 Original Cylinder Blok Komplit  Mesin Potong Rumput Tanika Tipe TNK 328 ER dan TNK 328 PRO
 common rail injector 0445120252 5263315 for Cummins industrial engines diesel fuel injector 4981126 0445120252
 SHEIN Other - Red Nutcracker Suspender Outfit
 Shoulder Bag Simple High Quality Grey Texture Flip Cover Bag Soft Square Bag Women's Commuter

...

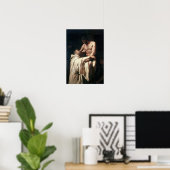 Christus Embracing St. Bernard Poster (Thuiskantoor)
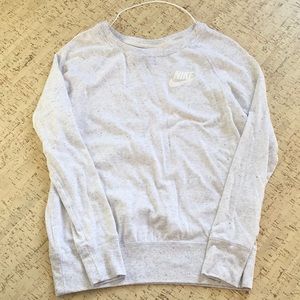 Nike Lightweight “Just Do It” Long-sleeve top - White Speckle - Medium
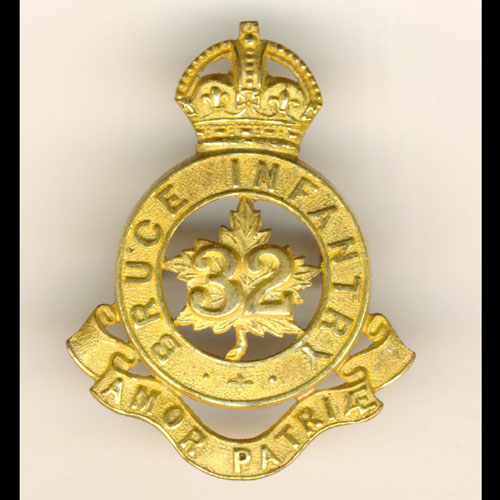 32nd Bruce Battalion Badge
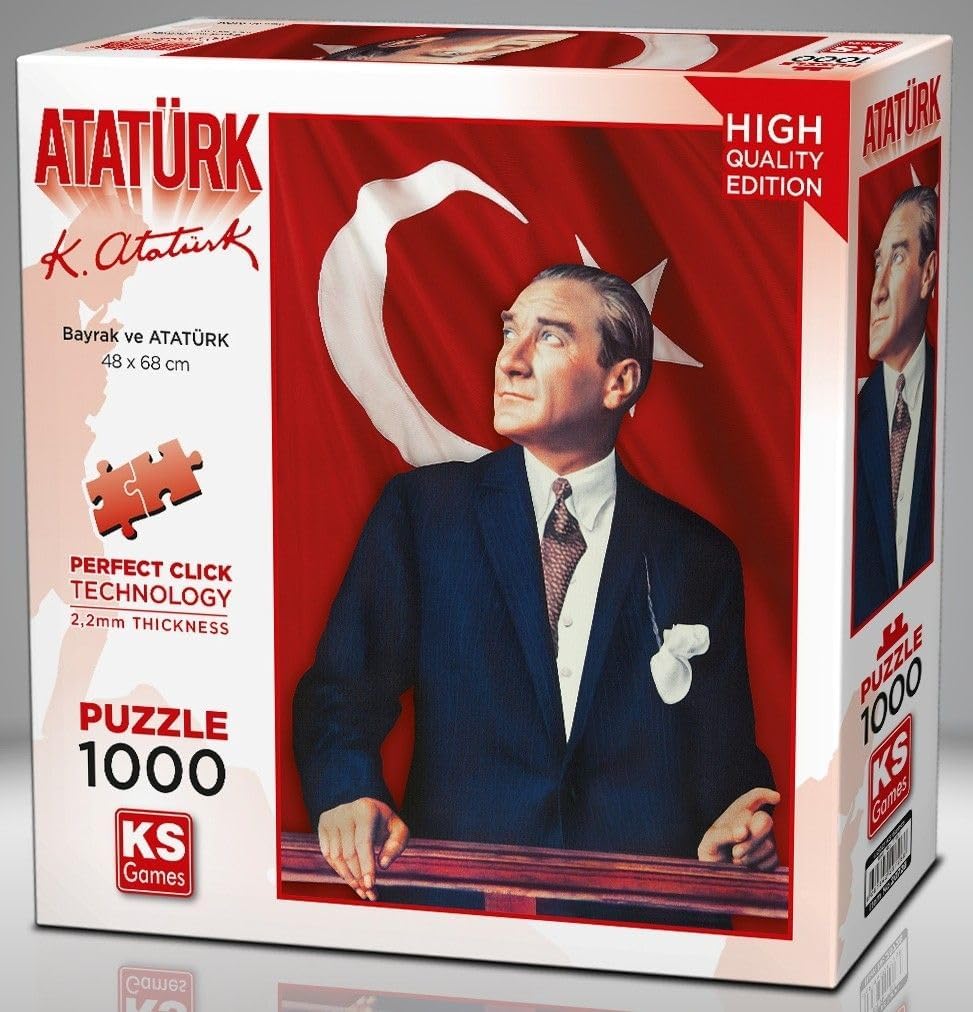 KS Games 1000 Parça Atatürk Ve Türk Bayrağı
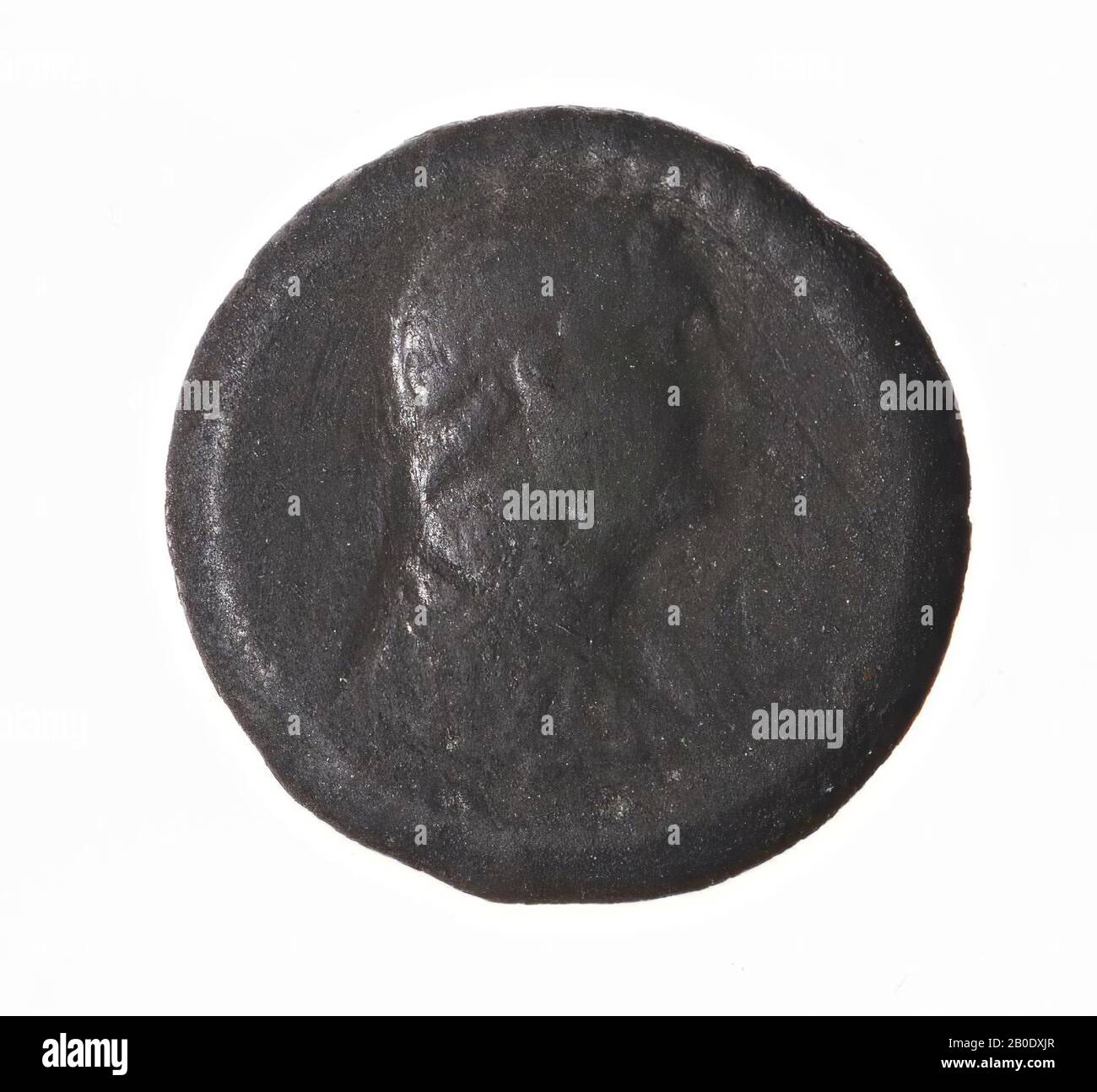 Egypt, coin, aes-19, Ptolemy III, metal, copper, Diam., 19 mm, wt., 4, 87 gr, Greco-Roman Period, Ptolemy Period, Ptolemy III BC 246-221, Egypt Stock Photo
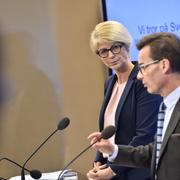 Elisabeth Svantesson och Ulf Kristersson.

YOUR ASSIGNMENT:
Give back the records above exactly, limited to the lines between the one holding "Original Cylinder Blok" and the one holding "Shoulder Bag Simple", inclusive.

SOLUTION TO THE PROBLEM:
 Original Cylinder Blok Komplit  Mesin Potong Rumput Tanika Tipe TNK 328 ER dan TNK 328 PRO
 common rail injector 0445120252 5263315 for Cummins industrial engines diesel fuel injector 4981126 0445120252
 SHEIN Other - Red Nutcracker Suspender Outfit
 Shoulder Bag Simple High Quality Grey Texture Flip Cover Bag Soft Square Bag Women's Commuter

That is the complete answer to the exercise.